The legal industry is going through big changes affecting how firms think and operate. Aside from keeping up with technological innovation, many firms are also increasing their efforts towards understanding diversity and inclusion in the workplace. Managing IP’s Women in IP Global Network highlights the work of some of the world’s leading female IP practitioners and their views on certain thought-provoking issues. We asked our interviewees about their experiences and what advice they would offer to up-and-coming IP practitioners.
Imogen Fowler is a partner in Hogan Lovells’ Alicante office. Alongside law she studied French and Italian languages and philosophy. Fowler was previously a general litigator before she started working with an IP practitioner, an experience that convinced her to specialise in IP. She says her IP practice, which primarily focuses on trade mark and design, is “fun and challenging”.
Going straight into the issues, I asked Fowler about her personal experiences and whether she thought there are particular barriers for women seeking to enter the IP industry. She responded: “No. I think that IP is a legal practice area which has a lot of women. Everyone has been very supportive, and when I joined the founding partner of the office was a woman. I work in a firm where diversity is incredibly important.”
Fowler advises students thinking about a career in IP law to “get exposed to as many types of law and people as possible”, explaining that it is a decision one has to make by “trial and error”. To those already in IP she says: “Do not be afraid to ask for what you want.” She picks out flexible working as one example. “Men tend to ask for the things that they want more than women. Women tend to be more reluctant.” She explains that no matter the reason for wanting flexibility, especially part-time working, some partners would prefer a trainee or employee speak up rather than struggle at work without saying anything.

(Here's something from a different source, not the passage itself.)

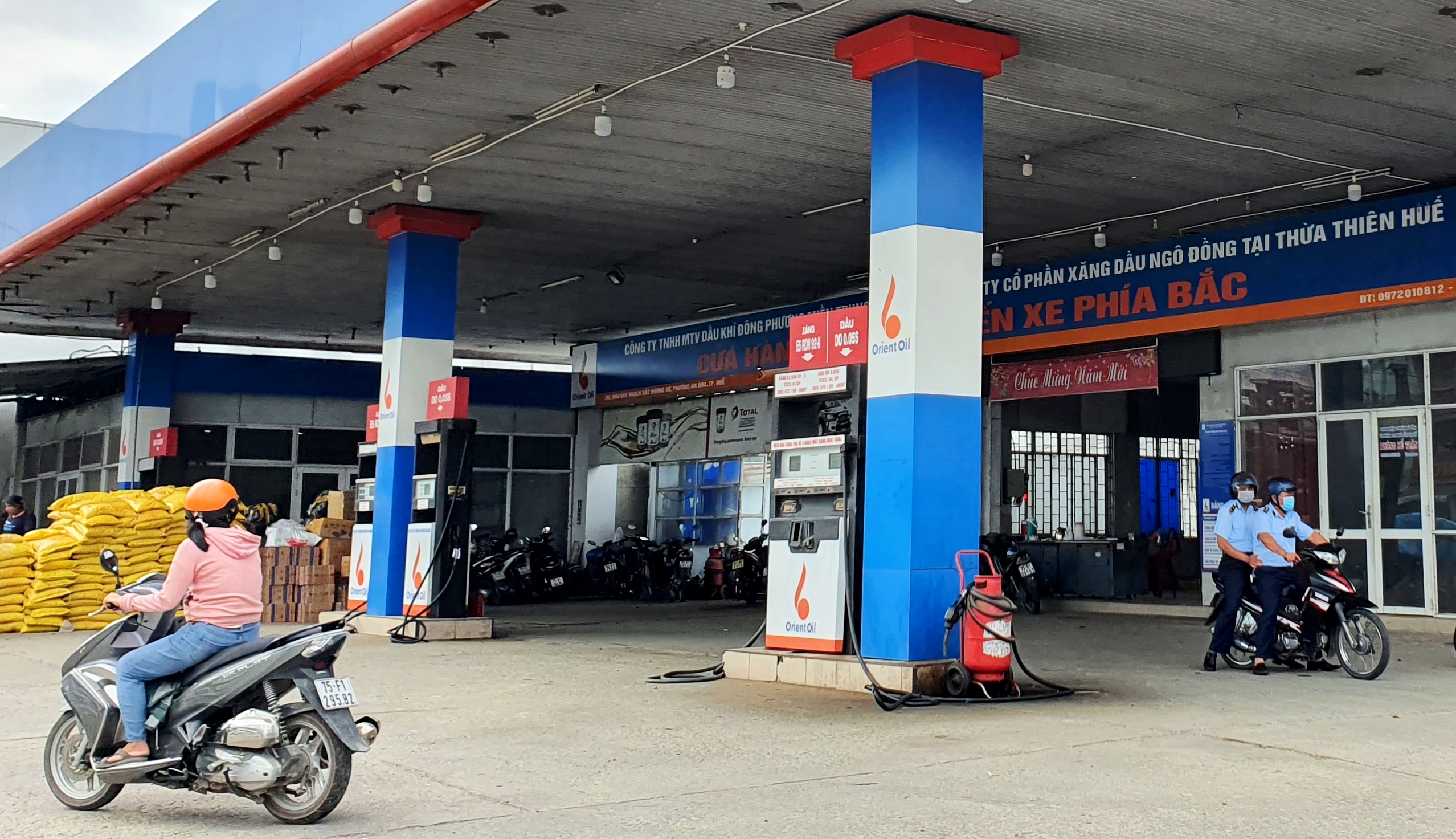 Các cửa hàng ngưng bán xăng đã hoạt động lại bình thường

She implores all up-and-coming practitioners to “find a really good mentor”. Fowler continued: “If you’re not getting what you want from your mentor, then go and find others.” Based on her own personal experience, she emphasised that the mentor does not need to be someone in IP.
Mireille Buydens, head of IP at Janson Baugniet, was always certain of her ambition to be “one of the best IP lawyers in Belgium”. After completing two PhDs, the first in philosophy and the second in IP, she started practising IP.
I asked her about what it is like to be an IP lawyer and whether there was anything she disliked about the job. “No dislikes,” Buydens said, adding: “I love that I am in touch with the most recent developments in technology and law.” During our conversation about work highlights and career, it became clear why Buydens found IP so fulfilling.
She says that gender is not a barrier to legal career development in Belgium, though perceptions still exist. Buydens recalled two occasions (outside Belgium) where she was presumed to be a secretary or personal assistant. She also recognises that there can be indirect pressure on female lawyers who would like to have children to postpone doing so for the sake of their career. She went on to explain that these issues are not specific to IP and they “concern women in society as a whole”.
When asked for her advice to those considering a career in IP or law in general, she said: “There is no perfect formula. It is a mix of chance and meeting the right people.” She added that aspiring lawyers should also consider how technological innovation will affect the industry in years to come: “I’m not sure I would advise my daughter to study law. I am pretty sure they will develop AI [artificial intelligence] to do some of the work. The average lawyer will have a tough time and only a few super lawyers will survive. But if she still wanted to, I would advise going into IP because it is fun.”
Ellen Shankman, founder of the brand protection boutique Ellen B Shankman & Associates, originally practised law in the US before relocating to Israel. It was a requirement that Shankman qualified for the bar to practise in Israel, during which time she worked on a “fascinating” trade mark case and has been practising in the area ever since.
She gave me an insight into why she decided to set up her own firm and her motivation to persevere: “If I could do more of what I love and less of what I don’t love, and still put food on the table then that is being damn successful.” Shankman said that the trade mark business is a fantastic place for women because it offers more flexibility and creativity.
Some aspects of business in the IP industry have become more difficult in the digital age. Shankman said that, as information and technology have become readily available, some services have become commoditised and IP practitioners can be replaced in some areas of business where they used to be crucial. However, according to Shankman, most clients still see the value in having a ‘trusted advisor’ and maintaining this reputation is important.
When I asked about how she deals with the pressures of juggling business and private life, Shankman said that it is important to have a support network, often of other women, to speak to. “If you ask a female lawyer how she makes it through the day, she may mention her calendar, her to-do lists, and so on. But if you push her on how she really makes it through her day, she is likely to mention her girlfriends.” Although she never had a mentor, Shankman believes it is useful to have one because a women-owned law firm in the legal industry can be a “lonely place”. She concluded: “What’s really important to me is to try and be the mentor I wish I had.”